Но здешняя Вирсавия вряд ли могла бы заставить вскипеть страстью мужскую кровь. Была она лет пятидесяти пяти — шестидесяти, курноса, приземиста и к тому же крайне сварлива. Лицо ее украшали многочисленные бородавки, некоторые из которых поросли густыми темными волосинками, что выглядело совсем уж отвратительно.
Лешка был прав, подруги уже видели эту особу. Именно она велела им убираться прочь, обозвав разными нехорошими словами.
— Чувствую, разговор будет не из приятных.
В данный момент Вирсавия занималась тем, что неистово мешала в большой кастрюле какую-то клейкую массу красивого желтого цвета. Вид у нее был еще более недовольный, чем в прошлый раз. Она бормотала себе что-то под нос, и судя по выражению ее лица, это вряд ли были молитвы.
— Что это у вас? Каша?
— Мамалыга.
— Ужин готовите?
— Люди должны поесть, чтобы у них были силы противостоять горю.
Подруги никак не могли придумать, что бы им еще спросить у Вирсавии. Но им помогла сама кухарка.
— Чего вам? — неприязненно спросила она, не прекращая ни на минуту своего занятия. — У нас горе, чего вы тут шастаете, вынюхиваете? Покоя от вас нет! Расследование какое-то затеяли.
— Это не мы. Это полиция. Мы только помогаем в расследовании.
— Вот я и говорю, к чему оно это расследование?
— Как это? Разве вы не любили отца Захария?
— Любила! — твердо произнесла тетка. — Его все любили и боялись! Великий он был человек. Всех грешников в поселке в страхе держал. Что теперь будет, даже и не знаю. Пойдет разброд и шатание. Хоть бы Алексей взял дело отцово в свои руки.
— Алексей? Вы имеете в виду Лешку?
— Он самый.
— Но почему именно он?
— Из всех сыновей Захария один он его силу унаследовал. Сам отец Захария об этом неоднократно говаривал. Значит, Лешке и быть вместо него.

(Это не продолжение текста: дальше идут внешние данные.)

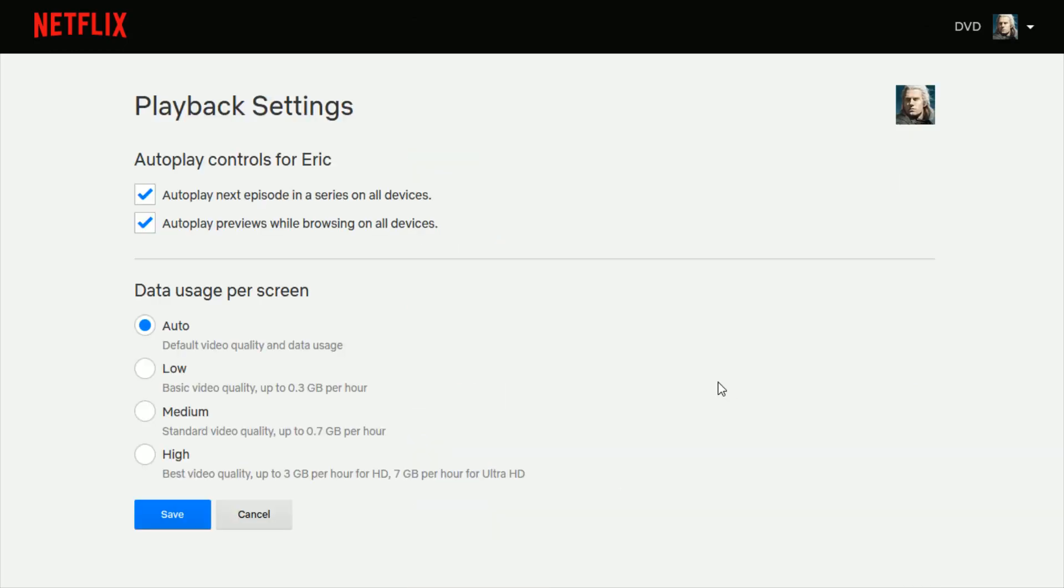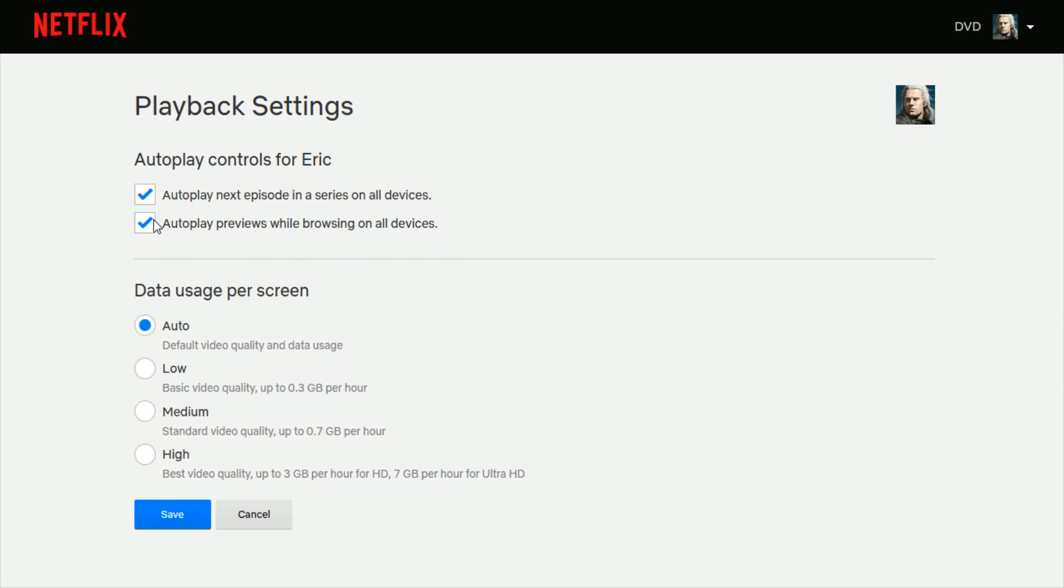And this is where the autoplay controls can be set. So you can put a little check mark next to autoplay next episode in a series on all devices. Autoplay previews while browsing on all devices. I actually want to get rid of that particular option. So I'm going to uncheck it and then click save.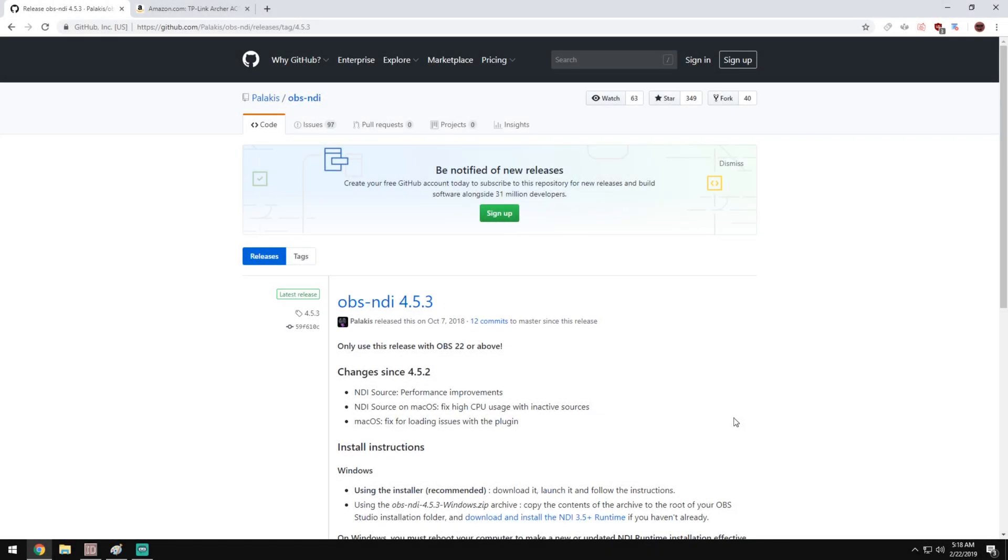Hey guys, what's going on, it's Jordan here and today I'm going to be teaching you guys how to use the OBS NDI plugin. This is basically how you stream using a two PC setup without a capture card.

— Почему же вы, любя отца Захария, теперь не хотите, чтобы его убийца был найден и наказан?
— Хочу! Но нельзя брать на себя то, что надлежит сделать Господу. Когда Бог пожелает, он сам покарает нечестивого грешника!
— Ну, знаете! — возмутилась Леся. — Если так рассуждать, то далеко не уедешь. Недаром говорят, на Бога надейся, а сам не плошай. Мы будем искать убийцу, нравится вам это или нет!
Тетка притихла и вновь повернулась к своим кастрюлям.
— Дело ваше, — проговорила она. — От меня-то вам чего нужно? Ведь не про кашу пришли со мной поговорить?
— Скажите, сколько комплектов одежды есть у Виссариона?
Если тетка и ожидала вопроса, то явно не этого. Она слегка смутилась, но потом ответила:
— У Виссариона… ну, как у всех. Три комплекта. Два на смену и один на всякий случай.
— И к каждому полагался пояс с пряжкой?
— Да, — твердо произнесла Вирсавия. — К каждому пояс.
— Нам сказали, одеждой назареев снабжаете вы?
— Да. На мне лежит эта обязанность.
— А не было ли, чтобы Виссарион или кто другой из назареев в последнее время жаловался вам на то, что потерял пряжку с ремнем?
Вирсавия прикрыла глаза, словно вспоминая.
— Не припомню такого, — сказала она наконец, но подруги не могли знать, была ли она с ними искренна или же солгала.
И поэтому они подступили к тетке с другого боку:
— А вся новая одежда лежит у вас под замком?
— Висит в специальном шкафу, ключ от него у меня.
— Можно нам взглянуть на этот шкаф?
Подругам показалось, что Вирсавия чертыхнулась про себя. Но, конечно, им это только показалось, ведь не могла столь достойная праведница губить свою душу, сквернословя и поминая нечистого. Отставив кастрюлю от огня, в путь Вирсавия пустилась с видимым неудовольствием. И хотя надо было пройти всего через две комнаты, она проделала эту дорогу с таким выражением лица, будто подруги отвлекали ее от невесть какого важного дела. А всего-то и дел было, что помешивать кашу в огромном чане.